The Atari 2600 games supported in the Arcade Learning Environment [Bellemare et al 2013] all feature a known initial (RAM) state and actions that have deterministic effects. Classical planners, however, cannot be used off-the-shelf as there is no compact PDDL-model of the games, and action effects and goals are not known a priori. Indeed, there are no explicit goals, and the planner must select actions on-line while interacting with a simulator that returns successor states and rewards. None of this precludes the use of blind lookahead algorithms for action selection like breadth-first search or Dijkstra’s method yet such methods are not effective over large state spaces.

We thus turn to a different class of classical planning algorithms introduced recently that perform a structured exploration of the state space; namely, like breadth-first search and Dijkstra’s algorithm they are “blind” and hence do not require prior knowledge of state transitions, costs (rewards) or goals, and yet, like heuristic search algorithms, they have been shown to be effective for solving problems over huge state spaces.

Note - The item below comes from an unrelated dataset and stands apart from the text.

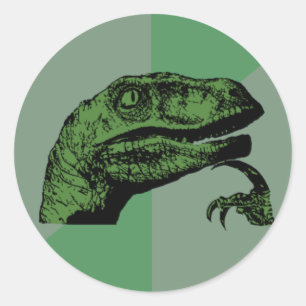 Autocollants de Philosoraptor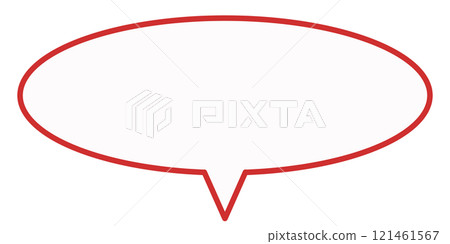 Simple oval speech bubble 2 (red and white) 121461567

The simplest such algorithm, called Iterated Width (IW), consists of a sequence of calls IW(1), IW(2), …, IW(k) where IW(i) is a breadth-first search in which a state is pruned when it is not the first state in the search to make true some subset of i atoms.

The empirical results over 54 ALE games suggest that the performance of IW with the k parameter fixed to 1, i.e. IW(1), is at the level of the state-of-the-art represented by UCT.

A simple best-first variation of IW that combines exploration and exploitation proves to be very competitive as well.